Transplantation of Mitochondria isolated from iPSC-MSCs mitigates doxorubicin-induced cardiomyopathy by inhibiting cardiomyocyte senescence.

Mitochondria isolated from iPSC-MSCs exhibited intact mitochondrial morphology and quality as confirmed by characterization methods.

• Mitochondria were isolated using ultracentrifugation from induced pluripotent stem cell-derived mesenchymal stem cells (iPSC-MSCs).
• Characterization was performed by transmission electron microscopy and Western blotting.
• The isolated iPSC-MSC-Mito demonstrated intact mitochondrial morphology and quality suitable for transplantation.

iPSC-MSC-Mito were successfully internalized by neonatal mouse cardiomyocytes (NMCMs) under doxorubicin challenge in vitro.

• The cellular model used neonatal mouse cardiomyocytes (NMCMs) exposed to doxorubicin (DOX).
• Internalization of exogenous iPSC-MSC-Mito by DOX-challenged NMCMs was demonstrated in vitro.
• This confirmed the feasibility of mitochondrial transfer into cardiomyocytes under pathological conditions.

Administration of iPSC-MSC-Mito improved the respiratory capacity of cardiomyocytes under doxorubicin challenge.

• Mitochondrial function was evaluated using the Seahorse assay in DOX-treated NMCMs exposed to different treatments.
• iPSC-MSC-Mito treatment improved respiratory capacity of DOX-challenged cardiomyocytes.
• The improvement in respiratory capacity was associated with downregulated lactate levels in treated cardiomyocytes.

iPSC-MSC-Mito inhibited cardiomyocyte senescence in vitro through reduction of lactate levels, and this effect was partially abrogated by exogenous lactate.

• Cellular senescence of NMCMs was examined by senescence-associated-β-galactosidase (SA-β-gal) assay.
• Administration of iPSC-MSC-Mito led to inhibition of cardiomyocyte senescence, mediated through downregulated lactate levels.
• The anti-senescence effect of iPSC-MSC-Mito was partially abrogated by addition of exogenous lactate, confirming the role of lactate in this pathway.

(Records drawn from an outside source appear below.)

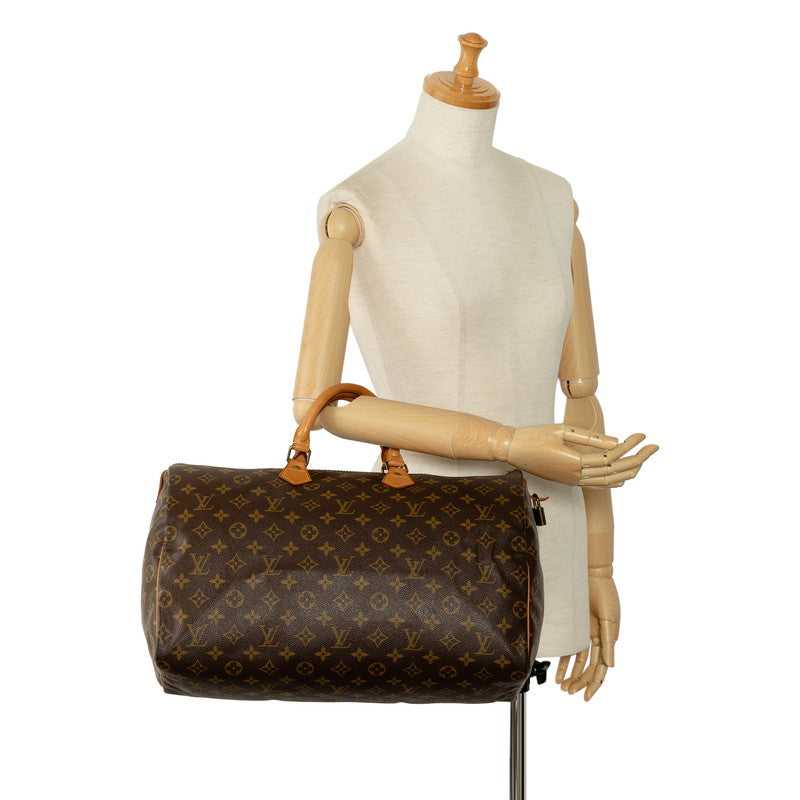 Louis Vuitton Monogram Speedy 40 Boston Bag Travel Bag M41522 Brown PVC Leather  Louis Vuitton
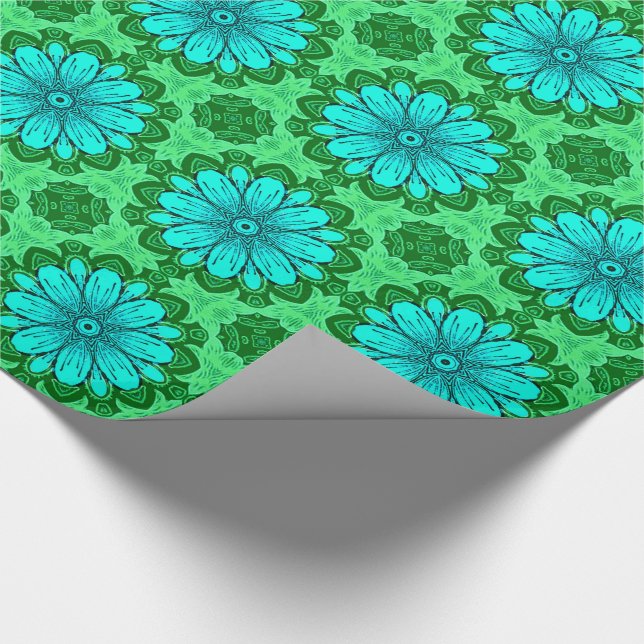 Papel De Regalo Patrón de margarita geométrica en turquesa y verde (Esquina)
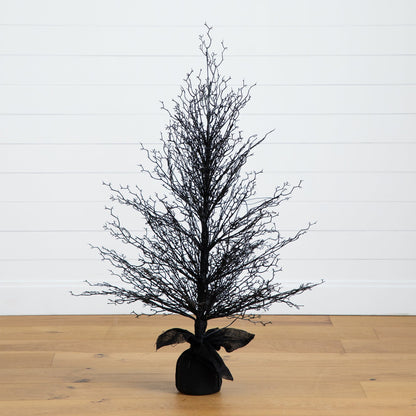 4’ Pre-Lit Halloween Black Twig Artificial Fall Tree in Burlap Planter with 63 Warm White LED Lights - Tampa Home & Garden Store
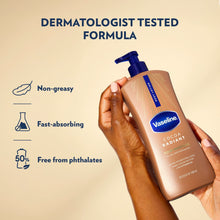 Vaseline Cocoa Radiant body lotion bottle in hand with blue pump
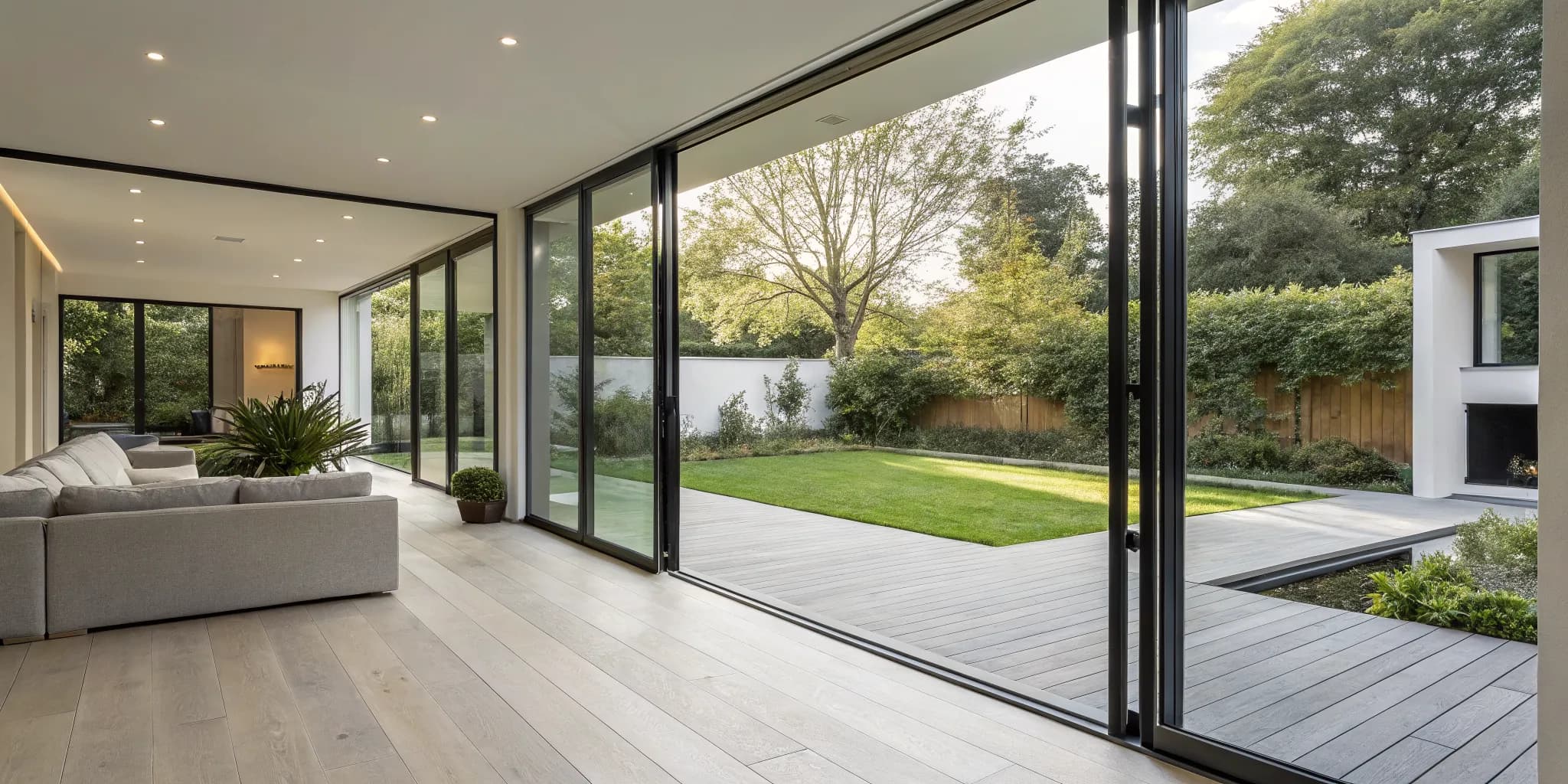 Large sliding patio doors in a modern living room open to a backyard deck.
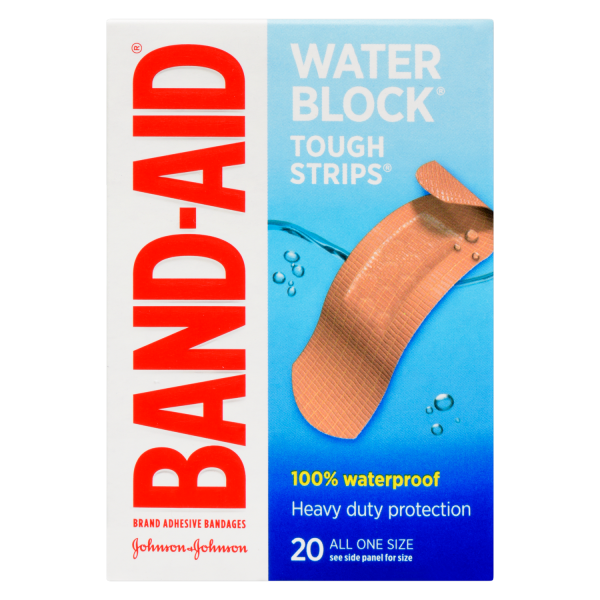 Band-Aid Water Block Tough Strips Brand Adhesive Bandages, 20 All One Size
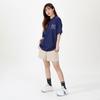 MLB Nautical Cashew Flower Solid Logo Printed Round Neck Short Sleeve T-Shirt Unisex T-Shirts Dark-Blue 3ATS53023-50NYD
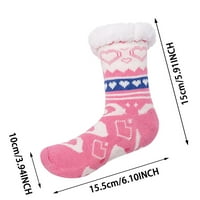 Ženske zadebljane božićne čarape za žene zadebljane žene pletene crtane elk print plišane čarape donje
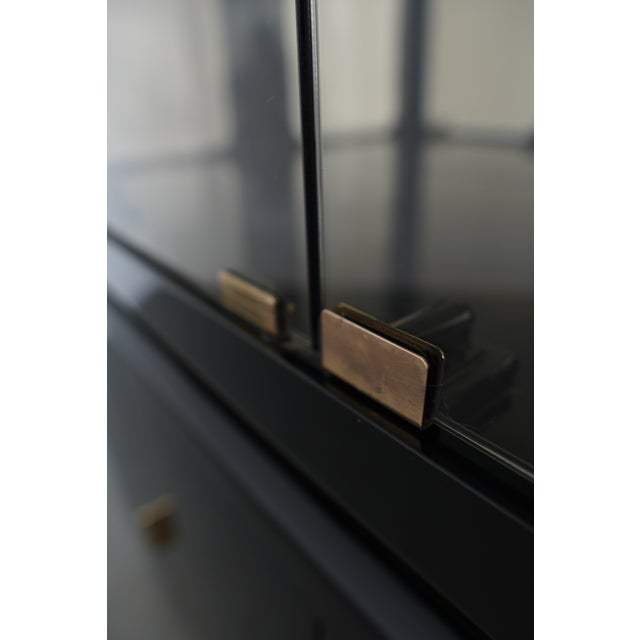 Vintage Milo Baughman Smoked Glass China Cabinet, Attributed For Sale - Image 9 of 10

Lactate regulated SIRT2 expression by binding to the ARG97 and HIS187 residues in the PH domain of SIRT2.

• The mechanism was identified using molecular docking and site-directed mutation assays.
• Lactate was found to bind specifically to ARG97 and HIS187 residues located in the PH domain of SIRT2.
• This binding interaction regulated SIRT2 expression, linking metabolic changes (lactate levels) to the senescence pathway.

In vivo transplantation of iPSC-MSC-Mito attenuated doxorubicin-induced cardiomyopathy, improving cardiac function and decreasing cardiac fibrosis and cardiomyocyte senescence.

• A mouse model of DIC was induced by intraperitoneal injection of DOX, followed by intraperitoneal injection of iPSC-MSC-Mito.
• Cardiac function, fibrosis, and cardiomyocyte senescence were examined in each group.
• Transplantation of iPSC-MSC-Mito resulted in improved cardiac function, decreased cardiac fibrosis, and reduced cardiomyocyte senescence in vivo.